En el año 2000 d.C., se estrenó “Gladiador”, una película dirigida por el mítico Ridley Scott que nos legó “Alien: el octavo pasajero” y “Blade Runner”. Era una apuesta arriesgada porque el cine de espadas y sandalias había tenido un auge medio siglo antes con épicas bíblicas que dieron paso a mezclas estrambóticas del cine italiano en el que aparecía anacrónicamente Hércules o Sansón luchando contra griegos, romanos o monstruos míticos. Eran películas que traslucían la idea del macho alfa, que imaginaban una Roma impecable y de mármol.
“Gladiador” reactualizaba estos temas, pero astutamente se ubicaba en una visión más cotidiana de Roma y, sin perder la espectacularidad, se centraba en la psicología melancólica y llena de ira contenida del personaje principal interpretado por un inspirado Russell Crowe.
Scott nos devuelve a Roma y ya podemos ver la segunda parte de su saga en los cines peruanos. Los hechos ocurren casi dos décadas después de los eventos de la primera película. El Imperio Romano está en plena decadencia y el sueño de Marco Aurelio de una Roma acogedora y justa se desvanece ante la corrupción de los emperadores.
Aquí ocurre algo interesante: es inevitable que nos proyectemos y veamos un marco en el que el Imperio Romano no aparezca lejano, sino como una copia de nuestra situación. Esto nos lleva a pensar en la deuda que Occidente tiene con la antigua roma en cuanto a leyes, arquitectura y sistemas administrativos. También nos revela cómo el cine opera como un eje de construcción de imaginarios. Lo cierto es que en Roma, como en la sociedad peruana, el chisme de la vida de los políticos nos ayuda no solo a acercarlos a nuestra cotidianidad, sino a leer la corrupción que traen entre manos.
Esto tiene una razón interesante y es que Suetonio, autor romano que nos legó la biografía de los emperadores en una obra del año 121 d.C., hizo énfasis de manera curiosa en los chismes y las costumbres morbosas de los césares.
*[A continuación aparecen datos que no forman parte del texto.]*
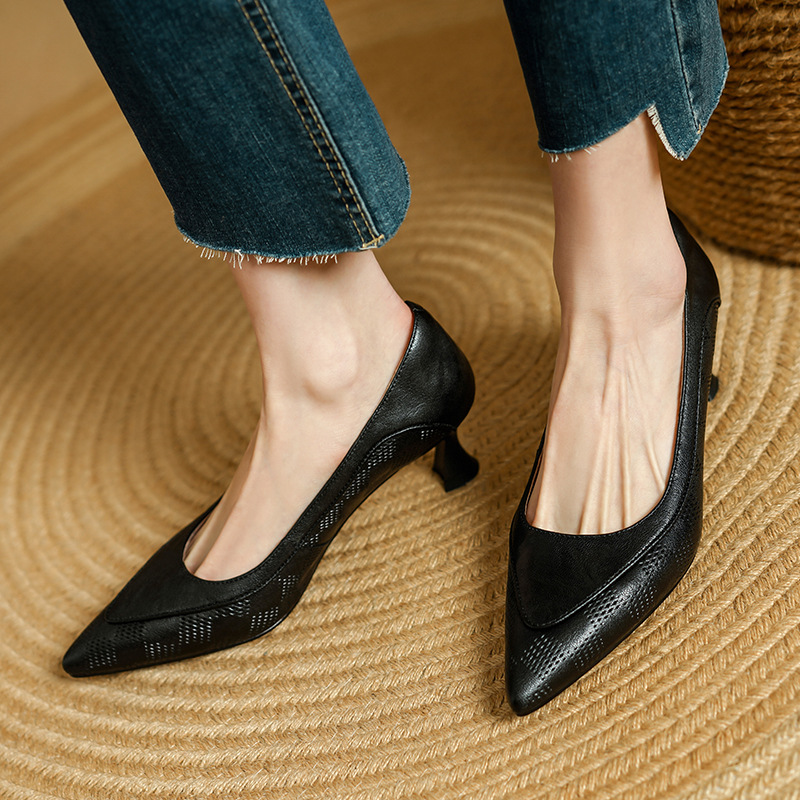 Soft Sheepskin Pointed Toe Stiletto Low-cut Shoes Women's Leather Shoes foto 3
Suetonio y sus indiscreciones han influido en obras posteriores y nos han ayudado a perfilar una conexión entre los juegos políticos romanos, con sus puñaladas en la espalda y funcionarios corruptos, con nuestra realidad cotidiana política.
Si bien nuestros gobernantes todavía (casi) no hacen el equivalente a incendiar Roma o establecer un coliseo para ejecuciones, es evidente que se mueven en un ámbito de frivolidades y traiciones. Ni Suetonio con todo su morbo hubiera imaginado que en el Perú, desde el 2000 (precisamente cuando se estrenó la primera película “Gladiador”) hasta la fecha, los gobiernos han caído o entrado en crisis por chismes, audios, videos ocultos o evidencias de frivolidades que lamentablemente siempre traslucen corrupción.
Volver a ver a los romanos y sus túnicas en las películas nos recuerda, dejando los efectos especiales y los estereotipos de lado, que la concentración del poder en pocas personas es algo peligroso, que los gobernantes deben ser vigilados y que ningún poder despótico y tiránico puede durar un período largo. También recordamos que quienes crearon las leyes que siglos después siguen siendo parte de nuestro Código Civil fueron los primeros en quebrantarlas. Culturalmente hablando, tenían razón al sugerir que Roma sería eterna, en lo bueno y en lo malo.
A diferencia de nuestras autoridades, los romanos sabían que el poder era pasajero y que al final nadie era tan poderoso como para escapar de las consecuencias de sus obras. Detrás de un emperador o un general victorioso en un desfile triunfal, un esclavo le sostenía la corona de laurel y le susurraba: “recuerda que solo eres un humano”.